▶ **How to complete this task**
Every line below should come back exactly as written, though the pictures stay out.

[Raw data Boundary: Start]

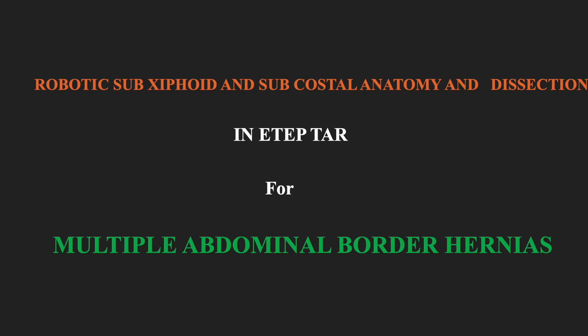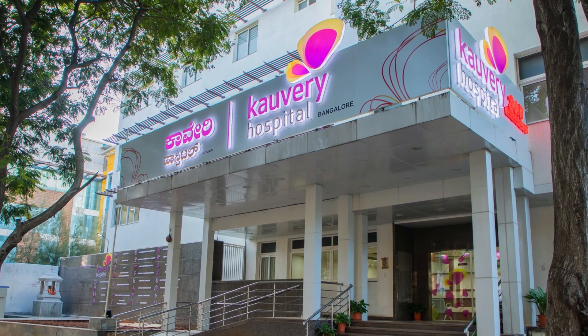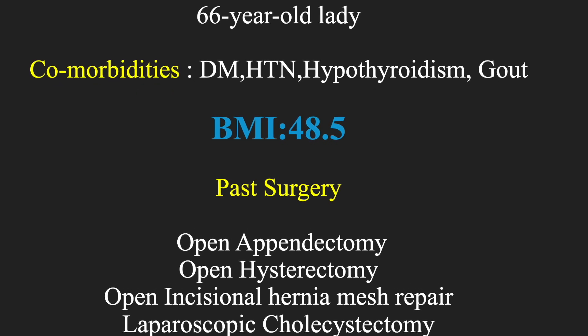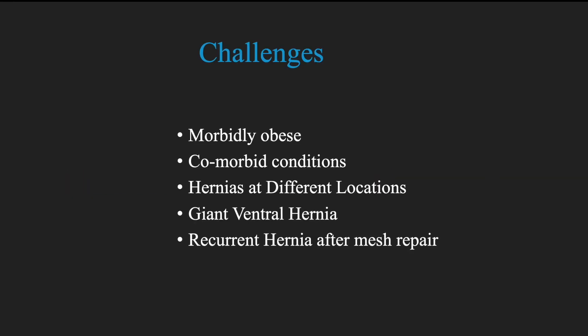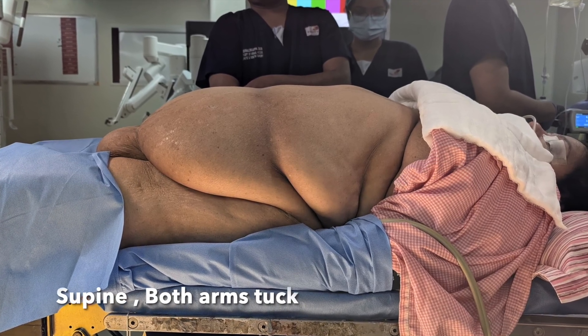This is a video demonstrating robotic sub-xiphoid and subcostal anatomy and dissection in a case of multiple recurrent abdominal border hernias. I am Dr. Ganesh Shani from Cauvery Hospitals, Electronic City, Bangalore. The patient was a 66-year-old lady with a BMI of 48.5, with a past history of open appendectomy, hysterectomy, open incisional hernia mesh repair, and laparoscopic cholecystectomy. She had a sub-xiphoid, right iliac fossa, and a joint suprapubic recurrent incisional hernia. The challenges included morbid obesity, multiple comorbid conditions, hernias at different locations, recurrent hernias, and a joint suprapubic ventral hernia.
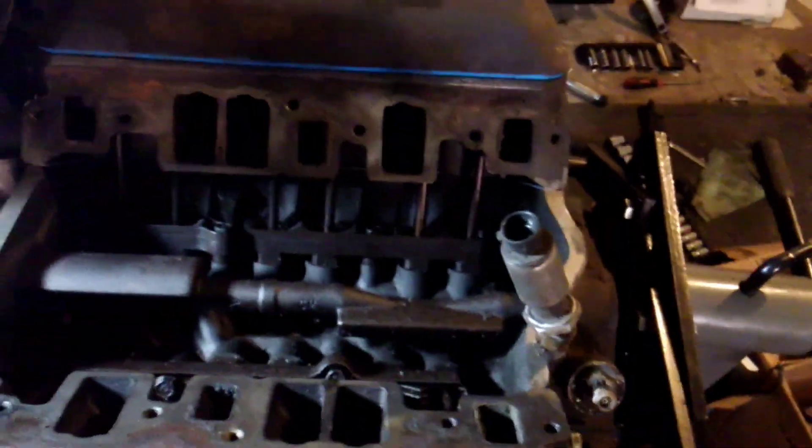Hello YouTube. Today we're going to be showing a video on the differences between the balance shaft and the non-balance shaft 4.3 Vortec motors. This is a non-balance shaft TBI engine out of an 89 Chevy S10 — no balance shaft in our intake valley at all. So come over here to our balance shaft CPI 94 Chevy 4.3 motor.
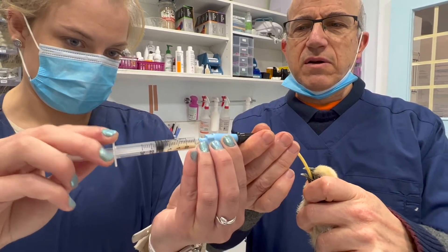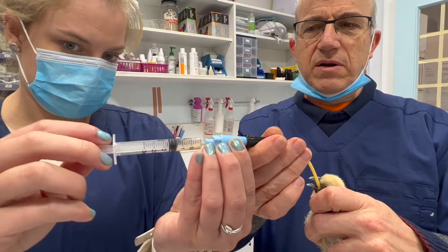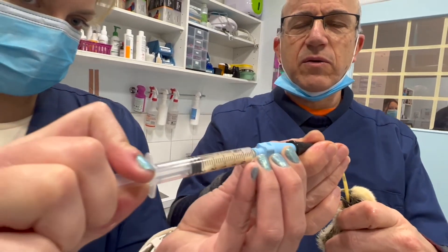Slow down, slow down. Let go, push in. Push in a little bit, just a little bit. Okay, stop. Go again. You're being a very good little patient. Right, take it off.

[Raw data Boundary: End]

▶ **Solution for this problem**
This is a video demonstrating robotic sub-xiphoid and subcostal anatomy and dissection in a case of multiple recurrent abdominal border hernias. I am Dr. Ganesh Shani from Cauvery Hospitals, Electronic City, Bangalore. The patient was a 66-year-old lady with a BMI of 48.5, with a past history of open appendectomy, hysterectomy, open incisional hernia mesh repair, and laparoscopic cholecystectomy. She had a sub-xiphoid, right iliac fossa, and a joint suprapubic recurrent incisional hernia. The challenges included morbid obesity, multiple comorbid conditions, hernias at different locations, recurrent hernias, and a joint suprapubic ventral hernia.
Hello YouTube. Today we're going to be showing a video on the differences between the balance shaft and the non-balance shaft 4.3 Vortec motors. This is a non-balance shaft TBI engine out of an 89 Chevy S10 — no balance shaft in our intake valley at all. So come over here to our balance shaft CPI 94 Chevy 4.3 motor.
Slow down, slow down. Let go, push in. Push in a little bit, just a little bit. Okay, stop. Go again. You're being a very good little patient. Right, take it off.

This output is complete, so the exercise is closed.